Chris: There's this accessibility blog out there that I can't remember it. I'm not sure I would name and shame on the show anyway, but everything they post, I feel like, gets hammered by the accessibility community. You know what I mean?
Chris: There was a post on there that had this blue as a classic example. It's like a pretty light blue and you look at white text on it and you're like, "That looks pretty good," but it actually fails WCAG or whatever. You look at black text on it and it totally doesn't read well, but it passes. Is that what he's talking about here?
Dave: This one is actually -- that one is more like subjective.
Dave: Like, "Uh, accessibility is ruining my design."

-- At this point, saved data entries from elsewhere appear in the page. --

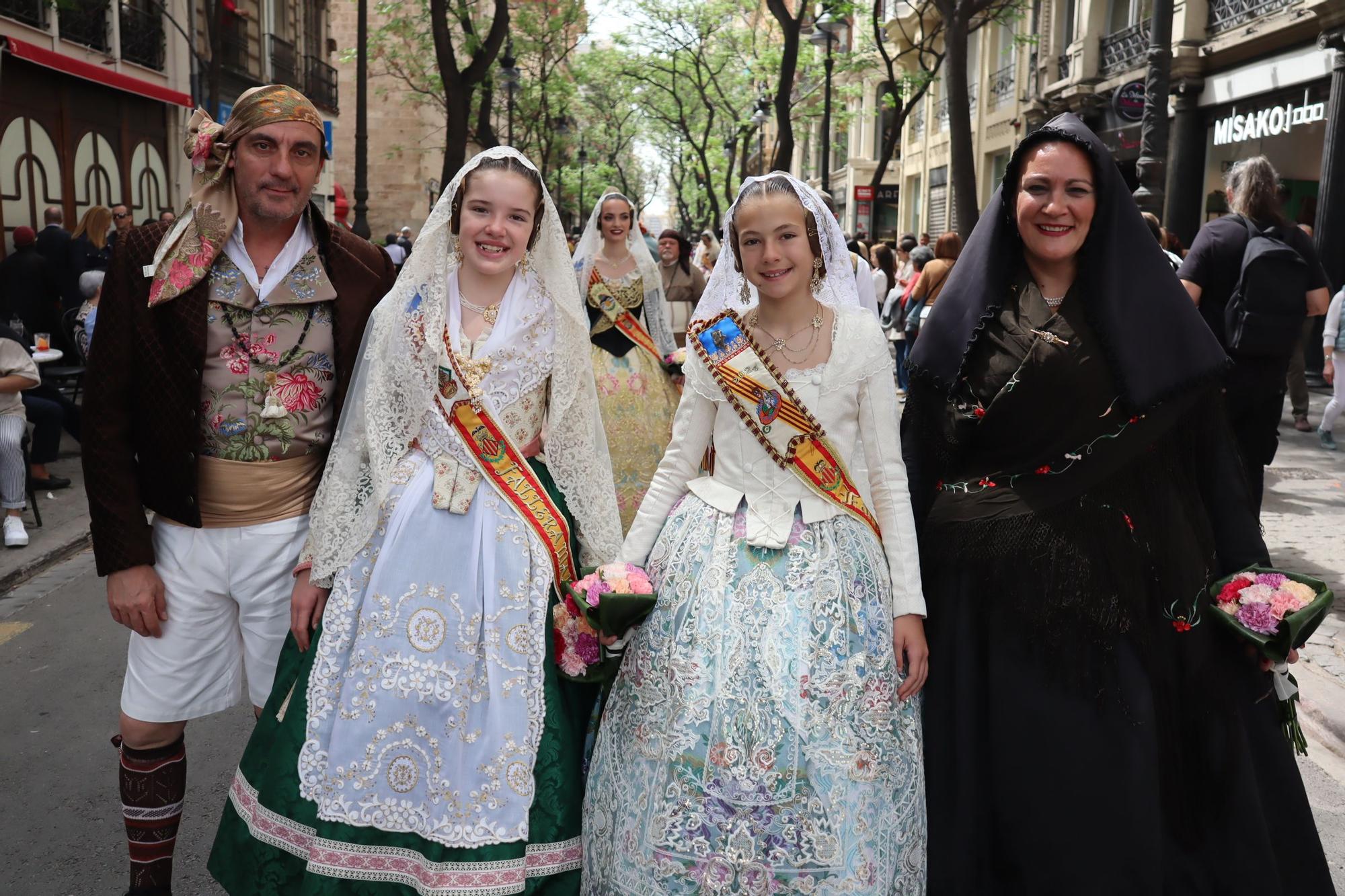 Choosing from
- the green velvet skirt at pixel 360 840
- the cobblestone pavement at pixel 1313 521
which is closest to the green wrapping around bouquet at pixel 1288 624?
the green velvet skirt at pixel 360 840

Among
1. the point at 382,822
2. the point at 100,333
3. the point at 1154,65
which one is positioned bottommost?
the point at 382,822

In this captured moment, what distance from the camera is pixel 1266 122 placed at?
15.0 m

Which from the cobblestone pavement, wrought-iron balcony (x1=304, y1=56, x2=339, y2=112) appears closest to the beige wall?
wrought-iron balcony (x1=304, y1=56, x2=339, y2=112)

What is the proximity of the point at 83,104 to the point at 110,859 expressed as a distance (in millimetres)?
17495

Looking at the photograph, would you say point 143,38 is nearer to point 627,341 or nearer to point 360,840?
point 627,341

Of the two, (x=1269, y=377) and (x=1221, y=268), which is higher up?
(x=1221, y=268)

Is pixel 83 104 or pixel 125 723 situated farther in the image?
pixel 83 104

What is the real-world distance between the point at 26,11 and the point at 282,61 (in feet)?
39.5

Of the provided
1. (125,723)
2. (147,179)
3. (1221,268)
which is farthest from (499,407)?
(147,179)

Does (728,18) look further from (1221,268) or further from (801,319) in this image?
(801,319)

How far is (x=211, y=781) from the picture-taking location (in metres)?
4.00

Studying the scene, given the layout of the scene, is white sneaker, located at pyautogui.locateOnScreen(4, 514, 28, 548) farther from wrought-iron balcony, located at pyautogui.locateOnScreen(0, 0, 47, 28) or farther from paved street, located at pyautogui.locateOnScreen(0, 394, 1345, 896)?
wrought-iron balcony, located at pyautogui.locateOnScreen(0, 0, 47, 28)

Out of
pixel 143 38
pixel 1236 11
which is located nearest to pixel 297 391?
pixel 1236 11

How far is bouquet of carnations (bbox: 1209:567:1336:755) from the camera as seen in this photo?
8.57ft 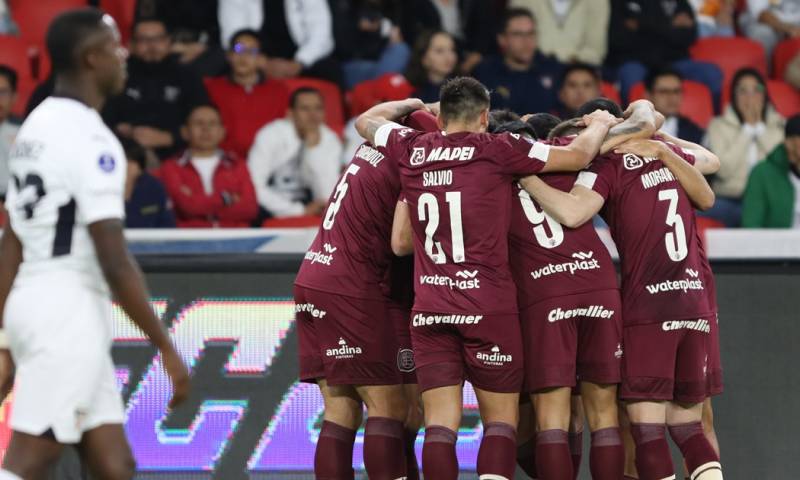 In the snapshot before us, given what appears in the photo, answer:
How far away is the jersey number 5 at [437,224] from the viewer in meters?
6.22

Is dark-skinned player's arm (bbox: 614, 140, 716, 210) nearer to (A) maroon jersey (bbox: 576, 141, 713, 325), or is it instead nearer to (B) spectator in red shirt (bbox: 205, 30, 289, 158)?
(A) maroon jersey (bbox: 576, 141, 713, 325)

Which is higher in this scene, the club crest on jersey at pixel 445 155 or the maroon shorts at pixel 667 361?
the club crest on jersey at pixel 445 155

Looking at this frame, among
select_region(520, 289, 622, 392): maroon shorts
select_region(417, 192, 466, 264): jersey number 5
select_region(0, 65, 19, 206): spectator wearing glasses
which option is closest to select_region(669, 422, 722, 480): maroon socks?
select_region(520, 289, 622, 392): maroon shorts

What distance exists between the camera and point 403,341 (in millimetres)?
6758

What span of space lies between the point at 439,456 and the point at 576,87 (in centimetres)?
587

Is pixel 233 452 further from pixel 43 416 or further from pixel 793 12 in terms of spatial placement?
pixel 793 12

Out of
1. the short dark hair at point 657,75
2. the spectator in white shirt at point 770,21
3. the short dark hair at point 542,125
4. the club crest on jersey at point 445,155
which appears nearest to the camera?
the club crest on jersey at point 445,155

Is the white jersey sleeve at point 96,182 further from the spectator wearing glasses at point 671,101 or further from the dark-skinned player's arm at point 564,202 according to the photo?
the spectator wearing glasses at point 671,101

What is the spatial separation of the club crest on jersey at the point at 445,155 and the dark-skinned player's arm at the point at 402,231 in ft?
0.79

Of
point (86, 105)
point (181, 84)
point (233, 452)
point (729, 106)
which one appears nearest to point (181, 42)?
point (181, 84)

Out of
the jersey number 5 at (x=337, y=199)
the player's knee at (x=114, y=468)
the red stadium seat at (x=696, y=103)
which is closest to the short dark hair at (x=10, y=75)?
the red stadium seat at (x=696, y=103)

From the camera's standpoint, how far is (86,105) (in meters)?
4.97

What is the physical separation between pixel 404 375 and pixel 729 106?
5.93 meters

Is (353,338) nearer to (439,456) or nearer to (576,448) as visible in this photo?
(439,456) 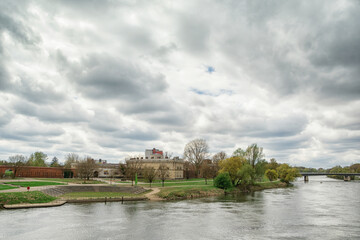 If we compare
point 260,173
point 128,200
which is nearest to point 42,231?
point 128,200

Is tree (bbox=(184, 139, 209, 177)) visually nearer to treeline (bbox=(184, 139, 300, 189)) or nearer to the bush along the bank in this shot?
treeline (bbox=(184, 139, 300, 189))

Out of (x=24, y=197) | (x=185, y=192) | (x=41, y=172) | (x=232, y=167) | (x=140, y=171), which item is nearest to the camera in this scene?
(x=24, y=197)

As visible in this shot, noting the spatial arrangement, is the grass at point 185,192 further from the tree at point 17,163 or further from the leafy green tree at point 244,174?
the tree at point 17,163

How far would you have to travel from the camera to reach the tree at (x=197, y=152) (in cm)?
10500

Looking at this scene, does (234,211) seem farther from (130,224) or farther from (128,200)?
(128,200)

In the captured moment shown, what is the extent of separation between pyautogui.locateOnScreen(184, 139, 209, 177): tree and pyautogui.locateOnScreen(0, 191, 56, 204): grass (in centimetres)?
6494

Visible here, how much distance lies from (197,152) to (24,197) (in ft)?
231

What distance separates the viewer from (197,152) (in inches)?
4156

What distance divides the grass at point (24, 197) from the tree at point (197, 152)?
6494cm

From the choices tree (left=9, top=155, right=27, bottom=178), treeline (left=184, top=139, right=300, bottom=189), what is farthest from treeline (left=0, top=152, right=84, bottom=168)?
treeline (left=184, top=139, right=300, bottom=189)

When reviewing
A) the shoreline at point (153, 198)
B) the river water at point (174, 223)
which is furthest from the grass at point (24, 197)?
the river water at point (174, 223)

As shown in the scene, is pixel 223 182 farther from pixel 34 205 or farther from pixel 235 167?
pixel 34 205

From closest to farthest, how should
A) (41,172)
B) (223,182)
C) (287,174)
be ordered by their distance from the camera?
1. (223,182)
2. (41,172)
3. (287,174)

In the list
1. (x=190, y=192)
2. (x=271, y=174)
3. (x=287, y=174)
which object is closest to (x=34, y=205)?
(x=190, y=192) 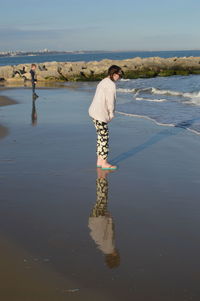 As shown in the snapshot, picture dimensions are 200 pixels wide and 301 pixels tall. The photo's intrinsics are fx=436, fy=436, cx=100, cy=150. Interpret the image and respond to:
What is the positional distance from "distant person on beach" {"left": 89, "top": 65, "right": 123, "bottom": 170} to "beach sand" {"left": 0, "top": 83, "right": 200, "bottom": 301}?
1.01 feet

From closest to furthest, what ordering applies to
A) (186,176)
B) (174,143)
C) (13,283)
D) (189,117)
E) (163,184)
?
1. (13,283)
2. (163,184)
3. (186,176)
4. (174,143)
5. (189,117)

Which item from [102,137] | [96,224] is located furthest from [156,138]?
[96,224]

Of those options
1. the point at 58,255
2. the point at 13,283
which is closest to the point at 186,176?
the point at 58,255

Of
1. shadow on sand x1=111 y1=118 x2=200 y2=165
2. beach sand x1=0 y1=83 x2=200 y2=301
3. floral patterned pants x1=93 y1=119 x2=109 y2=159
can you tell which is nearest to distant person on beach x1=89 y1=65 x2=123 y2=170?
floral patterned pants x1=93 y1=119 x2=109 y2=159

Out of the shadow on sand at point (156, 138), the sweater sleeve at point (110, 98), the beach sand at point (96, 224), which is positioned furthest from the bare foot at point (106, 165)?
the sweater sleeve at point (110, 98)

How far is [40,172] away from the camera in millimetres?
6539

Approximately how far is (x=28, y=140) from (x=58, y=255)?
5659mm

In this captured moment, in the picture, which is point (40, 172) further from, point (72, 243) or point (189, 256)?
point (189, 256)

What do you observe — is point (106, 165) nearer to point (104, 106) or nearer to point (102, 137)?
point (102, 137)

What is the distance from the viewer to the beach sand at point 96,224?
328cm

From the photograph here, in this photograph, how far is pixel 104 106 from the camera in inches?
262

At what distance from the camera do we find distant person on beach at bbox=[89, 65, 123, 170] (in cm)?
651

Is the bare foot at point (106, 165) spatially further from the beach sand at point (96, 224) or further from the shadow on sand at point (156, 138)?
the shadow on sand at point (156, 138)

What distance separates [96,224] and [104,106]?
258 centimetres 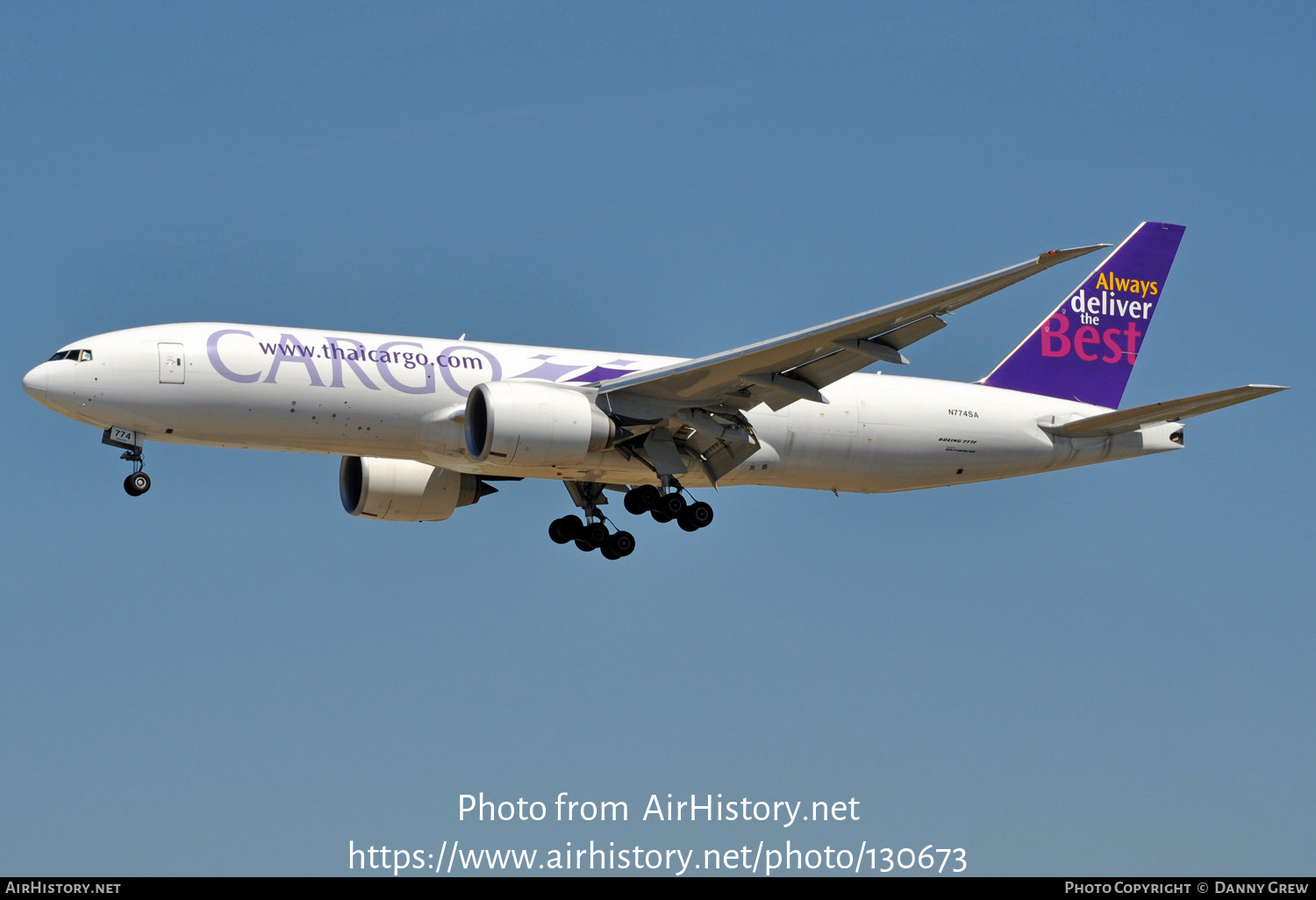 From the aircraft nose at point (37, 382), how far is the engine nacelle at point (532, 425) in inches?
320

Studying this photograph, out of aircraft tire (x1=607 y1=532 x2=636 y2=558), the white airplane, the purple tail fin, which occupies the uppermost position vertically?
the purple tail fin

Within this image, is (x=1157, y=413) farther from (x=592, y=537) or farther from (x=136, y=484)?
(x=136, y=484)

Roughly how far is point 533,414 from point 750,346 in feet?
14.5

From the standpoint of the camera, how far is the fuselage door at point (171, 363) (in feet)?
107

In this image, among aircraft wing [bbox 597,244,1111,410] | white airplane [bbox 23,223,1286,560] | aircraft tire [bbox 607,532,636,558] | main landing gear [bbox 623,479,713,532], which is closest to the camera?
aircraft wing [bbox 597,244,1111,410]

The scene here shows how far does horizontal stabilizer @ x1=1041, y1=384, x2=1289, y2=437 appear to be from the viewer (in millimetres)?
32938

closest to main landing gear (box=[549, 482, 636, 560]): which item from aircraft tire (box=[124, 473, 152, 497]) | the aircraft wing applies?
the aircraft wing

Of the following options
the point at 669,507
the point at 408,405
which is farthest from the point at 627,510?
the point at 408,405

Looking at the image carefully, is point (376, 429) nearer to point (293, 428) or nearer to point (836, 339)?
point (293, 428)

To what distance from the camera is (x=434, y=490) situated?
39188 mm

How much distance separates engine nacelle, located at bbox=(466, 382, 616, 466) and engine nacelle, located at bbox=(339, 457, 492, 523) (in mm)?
5788

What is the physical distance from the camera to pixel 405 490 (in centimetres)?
3906

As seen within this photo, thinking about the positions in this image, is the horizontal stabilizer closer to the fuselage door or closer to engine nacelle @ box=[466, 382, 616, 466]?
engine nacelle @ box=[466, 382, 616, 466]

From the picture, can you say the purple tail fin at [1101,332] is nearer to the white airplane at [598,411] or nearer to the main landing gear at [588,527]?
the white airplane at [598,411] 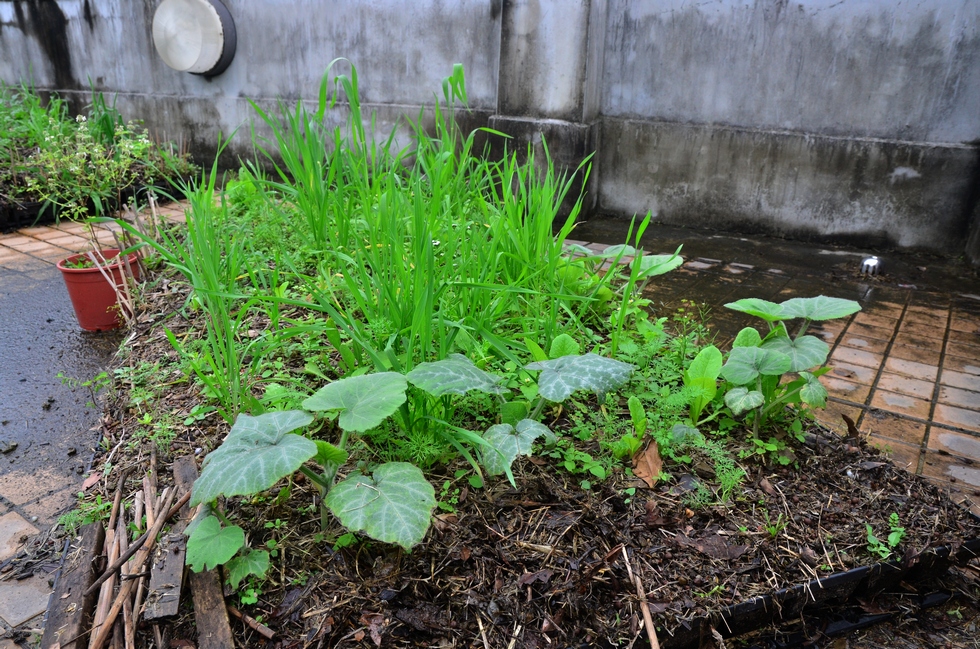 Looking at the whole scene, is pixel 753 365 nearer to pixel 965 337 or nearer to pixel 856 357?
pixel 856 357

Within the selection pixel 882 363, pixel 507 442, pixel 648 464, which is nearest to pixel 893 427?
pixel 882 363

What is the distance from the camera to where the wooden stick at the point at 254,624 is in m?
1.41

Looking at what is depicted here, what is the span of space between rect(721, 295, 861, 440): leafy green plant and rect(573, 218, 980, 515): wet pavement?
496 mm

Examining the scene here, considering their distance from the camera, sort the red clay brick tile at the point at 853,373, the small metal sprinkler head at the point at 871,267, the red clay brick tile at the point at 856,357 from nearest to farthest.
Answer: the red clay brick tile at the point at 853,373
the red clay brick tile at the point at 856,357
the small metal sprinkler head at the point at 871,267

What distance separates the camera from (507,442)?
5.37 feet

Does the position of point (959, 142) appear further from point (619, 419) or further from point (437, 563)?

Chris: Yeah. Right, right.
Dave: Like blaming the standard. Does that make sense? This one is more evidence-driven, if that makes sense. This is more like, "Hey, I legitimately think the contrast algorithm is wrong." I think even some of this stuff, all these color functions and stuff like that, I think they could all play into having a better set of color standards or even groups, or just even thinking around what are accessible colors and how do we make colors and create colors on the Web and stuff like that.
Chris: Yeah. yeah.
Dave: Anyway, that's the….
I see this all the time. I have guest posts getting written to me all the time. One that we just published about using Sass to mathematically calculate a color system that is based on accessible colors. I have another one in the pipeline of somebody doing the same kind of thing. People are really trying to approach color scientifically, more and more and more and more.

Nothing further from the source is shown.